EU und USA wollen das UN-Mandat über den 10. Juli hinaus verlängern. Putin aber kann eine Verlängerung sogar im Alleingang verhindern, Russland ist Vetomacht im Sicherheitsrat. Zudem ist China bereit, Moskau zu unterstützen. Im Ergebnis könnten Assad und Putin dann Idlib aushungern. Schon der Gedanke daran schnürt Betroffenen in diesen Tagen den Hals zu.

Hunger schürt Angst

„Die Leute hier haben jetzt eine Angst, wie ich es noch nie erlebt habe“, sagt Joel Ghazi, Projektleiter bei der Hilfsorganisation Ärzte ohne Grenzen. Die psychischen Folgen der dauernden Drohungen vor dem 10. Juli würden unterschätzt, warnt er: „Es ist so, als ob ich dauernd zu jemandem sage: „Guck, ich schneide dir bald deine Lebensader ab. Früher noch als der Mangel an Brot wird der Mangel an Medikamenten die Menschen in Idlib in die Panik treiben. Es gehe nicht nur um die häufig mit Kriegsgebieten assoziierten Betäubungsmittel oder Desinfektionsmittel für Operationen. „Auch für so banal erscheinende Dinge wie Bluthochdruck reichen die Reserven allenfalls vier Wochen“, sagt Ghazi. „Danach geraten die Betroffenen in Gefahr.“

Russland argumentiert, jede Form von Hilfe könne und solle künftig über die syrische Zentralregierung laufen.
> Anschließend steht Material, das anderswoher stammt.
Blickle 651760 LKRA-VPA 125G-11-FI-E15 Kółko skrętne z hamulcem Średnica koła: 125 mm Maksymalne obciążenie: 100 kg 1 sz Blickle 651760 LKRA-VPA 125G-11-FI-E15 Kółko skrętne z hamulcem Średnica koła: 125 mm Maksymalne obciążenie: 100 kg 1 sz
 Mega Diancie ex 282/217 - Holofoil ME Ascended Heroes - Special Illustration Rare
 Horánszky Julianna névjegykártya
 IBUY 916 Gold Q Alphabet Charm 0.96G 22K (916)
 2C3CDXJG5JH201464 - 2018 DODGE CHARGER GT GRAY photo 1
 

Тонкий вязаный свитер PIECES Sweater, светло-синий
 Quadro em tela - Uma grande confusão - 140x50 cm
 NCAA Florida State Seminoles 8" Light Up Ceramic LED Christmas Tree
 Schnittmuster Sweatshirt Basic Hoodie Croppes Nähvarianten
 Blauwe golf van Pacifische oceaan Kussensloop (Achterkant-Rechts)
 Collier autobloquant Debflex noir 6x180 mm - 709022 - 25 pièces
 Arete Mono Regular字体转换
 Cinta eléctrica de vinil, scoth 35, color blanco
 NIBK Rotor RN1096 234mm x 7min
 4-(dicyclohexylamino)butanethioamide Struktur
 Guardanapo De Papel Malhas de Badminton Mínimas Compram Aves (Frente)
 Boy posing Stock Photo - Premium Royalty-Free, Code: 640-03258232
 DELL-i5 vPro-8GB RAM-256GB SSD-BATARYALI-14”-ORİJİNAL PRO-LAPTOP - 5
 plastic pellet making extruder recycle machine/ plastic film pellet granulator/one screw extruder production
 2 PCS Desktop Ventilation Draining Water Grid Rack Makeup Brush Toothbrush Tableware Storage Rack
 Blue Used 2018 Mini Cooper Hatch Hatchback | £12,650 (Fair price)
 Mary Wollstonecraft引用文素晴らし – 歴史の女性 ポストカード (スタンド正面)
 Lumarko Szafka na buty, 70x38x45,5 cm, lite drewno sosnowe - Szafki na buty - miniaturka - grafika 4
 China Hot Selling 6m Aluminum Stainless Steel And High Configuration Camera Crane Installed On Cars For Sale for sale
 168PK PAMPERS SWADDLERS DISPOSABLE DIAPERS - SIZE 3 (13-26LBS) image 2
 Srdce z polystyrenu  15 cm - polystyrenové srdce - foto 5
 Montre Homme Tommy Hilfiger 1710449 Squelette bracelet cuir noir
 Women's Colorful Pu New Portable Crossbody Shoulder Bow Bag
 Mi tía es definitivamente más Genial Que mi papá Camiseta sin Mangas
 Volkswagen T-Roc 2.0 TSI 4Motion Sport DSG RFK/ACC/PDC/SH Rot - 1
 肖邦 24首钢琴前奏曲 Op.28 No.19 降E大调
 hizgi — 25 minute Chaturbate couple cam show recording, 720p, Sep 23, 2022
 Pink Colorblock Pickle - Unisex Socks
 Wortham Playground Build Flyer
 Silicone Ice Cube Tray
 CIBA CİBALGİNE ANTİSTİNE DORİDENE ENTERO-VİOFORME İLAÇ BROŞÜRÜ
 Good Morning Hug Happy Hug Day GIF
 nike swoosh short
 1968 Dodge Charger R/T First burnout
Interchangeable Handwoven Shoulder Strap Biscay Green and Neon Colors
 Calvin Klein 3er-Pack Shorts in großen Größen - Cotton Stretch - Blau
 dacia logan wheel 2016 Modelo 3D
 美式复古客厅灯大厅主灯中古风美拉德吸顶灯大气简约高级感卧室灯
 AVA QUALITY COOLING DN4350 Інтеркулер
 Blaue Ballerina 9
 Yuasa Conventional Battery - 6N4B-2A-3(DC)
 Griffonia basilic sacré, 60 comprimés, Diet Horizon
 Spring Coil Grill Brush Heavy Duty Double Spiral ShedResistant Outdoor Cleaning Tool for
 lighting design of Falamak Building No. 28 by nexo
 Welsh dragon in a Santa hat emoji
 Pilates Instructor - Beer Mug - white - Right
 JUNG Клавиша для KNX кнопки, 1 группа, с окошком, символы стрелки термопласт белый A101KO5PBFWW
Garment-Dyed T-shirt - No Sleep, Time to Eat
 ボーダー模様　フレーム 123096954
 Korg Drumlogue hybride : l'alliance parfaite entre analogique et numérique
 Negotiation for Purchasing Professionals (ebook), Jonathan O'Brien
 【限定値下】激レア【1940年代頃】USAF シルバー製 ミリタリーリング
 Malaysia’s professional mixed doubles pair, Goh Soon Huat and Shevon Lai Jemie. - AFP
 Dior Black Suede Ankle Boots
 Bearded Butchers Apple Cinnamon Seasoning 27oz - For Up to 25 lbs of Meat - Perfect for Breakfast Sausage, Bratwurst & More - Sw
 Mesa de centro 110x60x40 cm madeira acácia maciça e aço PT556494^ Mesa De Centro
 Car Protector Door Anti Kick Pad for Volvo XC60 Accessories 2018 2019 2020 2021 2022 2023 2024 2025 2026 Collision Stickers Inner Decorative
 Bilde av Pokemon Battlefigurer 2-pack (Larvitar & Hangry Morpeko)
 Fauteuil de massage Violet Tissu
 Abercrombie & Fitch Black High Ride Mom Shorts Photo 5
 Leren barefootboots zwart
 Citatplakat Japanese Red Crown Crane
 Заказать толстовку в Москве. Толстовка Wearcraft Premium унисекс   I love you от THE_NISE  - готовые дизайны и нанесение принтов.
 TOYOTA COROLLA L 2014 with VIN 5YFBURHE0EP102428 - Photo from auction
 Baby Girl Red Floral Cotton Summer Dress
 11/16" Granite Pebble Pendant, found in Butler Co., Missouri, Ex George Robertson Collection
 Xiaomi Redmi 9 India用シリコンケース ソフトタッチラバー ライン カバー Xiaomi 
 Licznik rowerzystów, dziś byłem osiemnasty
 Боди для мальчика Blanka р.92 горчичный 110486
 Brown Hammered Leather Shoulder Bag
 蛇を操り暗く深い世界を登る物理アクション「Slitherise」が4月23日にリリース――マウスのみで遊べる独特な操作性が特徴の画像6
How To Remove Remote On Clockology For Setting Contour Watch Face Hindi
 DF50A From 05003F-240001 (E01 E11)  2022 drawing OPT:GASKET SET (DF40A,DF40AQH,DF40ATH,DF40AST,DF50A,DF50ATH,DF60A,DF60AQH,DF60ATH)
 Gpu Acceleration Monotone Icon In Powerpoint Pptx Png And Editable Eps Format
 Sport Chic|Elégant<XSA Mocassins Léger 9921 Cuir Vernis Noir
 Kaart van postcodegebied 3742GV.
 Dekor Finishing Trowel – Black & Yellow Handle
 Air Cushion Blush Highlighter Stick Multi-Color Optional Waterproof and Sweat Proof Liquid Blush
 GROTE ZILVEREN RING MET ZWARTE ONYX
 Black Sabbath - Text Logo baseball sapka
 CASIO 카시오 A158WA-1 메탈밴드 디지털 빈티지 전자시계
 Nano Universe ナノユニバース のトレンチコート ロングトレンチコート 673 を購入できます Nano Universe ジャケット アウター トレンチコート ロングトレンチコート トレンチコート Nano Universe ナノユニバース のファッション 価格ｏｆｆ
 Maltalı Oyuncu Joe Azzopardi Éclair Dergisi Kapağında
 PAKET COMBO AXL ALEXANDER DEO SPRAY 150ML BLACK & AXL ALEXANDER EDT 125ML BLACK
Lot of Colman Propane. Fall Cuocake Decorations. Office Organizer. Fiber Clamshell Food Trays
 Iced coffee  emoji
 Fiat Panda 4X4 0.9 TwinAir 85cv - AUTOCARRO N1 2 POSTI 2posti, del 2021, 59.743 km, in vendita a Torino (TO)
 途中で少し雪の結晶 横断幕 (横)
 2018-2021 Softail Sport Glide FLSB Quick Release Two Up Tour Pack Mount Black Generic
Ghazi winkt ab: „Dass das in einem Bürgerkrieg nicht funktioniert, haben wir in Syrien oft genug erlebt.“

Derzeit hoffen westliche Diplomaten noch auf eine Last-Minute-Lösung zum Offenhalten des Grenzübergangs Bab al-Hawa – für die Putin aber gewiss etwas verlangen werde von den USA und der EU. Hunger als weltpolitische Verhandlungsmasse: Das ist eine neue, besonders ausgefeilte Spielart des Umgangs mit dem Thema.

Hunger als Waffe in Tigray

Der Fall Tigray: Hunger als Mordwerkzeug Äthiopien bietet dem sprachlosen weltweiten Publikum unterdessen eine neue Lehrvorführung zu einem eher stumpfen Vorgehen: Massenmord durch Hunger. Die Rebellenprovinz Tigray wurde von Truppen der Zentralregierung in Addis Abeba abgeriegelt. Beteiligt sind auch Kämpfer aus dem nahen Eritrea. 400 000 Menschen hungern inzwischen akut, 1,8 Millionen sind von Hunger bedroht.

„Es gibt in Tigray keinen Hunger“, sagt Äthiopiens Premier Abiy Ahmed – dem groteskerweise im Jahr 2019 der Friedensnobelpreis zuerkannt wurde, bevor er im November 2020 seine Truppen in den Krieg schickte. Journalisten der Nachrichtenagentur Associated Press, denen es gelang, in die Region vorzustoßen, berichteten, dass äthiopische und eritreische Soldaten Lastwagen mit Nahrung stoppen, Saatgut stehlen, Bauern vom Pflügen abhalten und Vieh töten. Unicef-Helfer berichten von Attacken auf Brücken, Brunnen und Gesundheitsstationen.

Der Einsatz von Hunger als Waffe hat eine traurige Tradition. Josef Stalin schickte 1933 knapp vier Millionen Menschen in der Ukraine in den Hungertod. Die amerikanische Historikerin Anne Applebaum spricht in ihrem 2019 erschienenen Buch „Roter Hunger“ von einem „geplanten Massenmord“.

Ähnliches läuft jetzt in Tigray. Und da Premier Abiy immer mehr Kritik hört aus den USA und aus der EU, will er sich nun stärker an Russland und China anlehnen. Denn diese beiden Mächte halten ein Prinzip hoch, das auch ihm sehr wichtig ist: Niemand soll sich einmischen „in die inneren Angelegenheiten eines souveränen Staates“.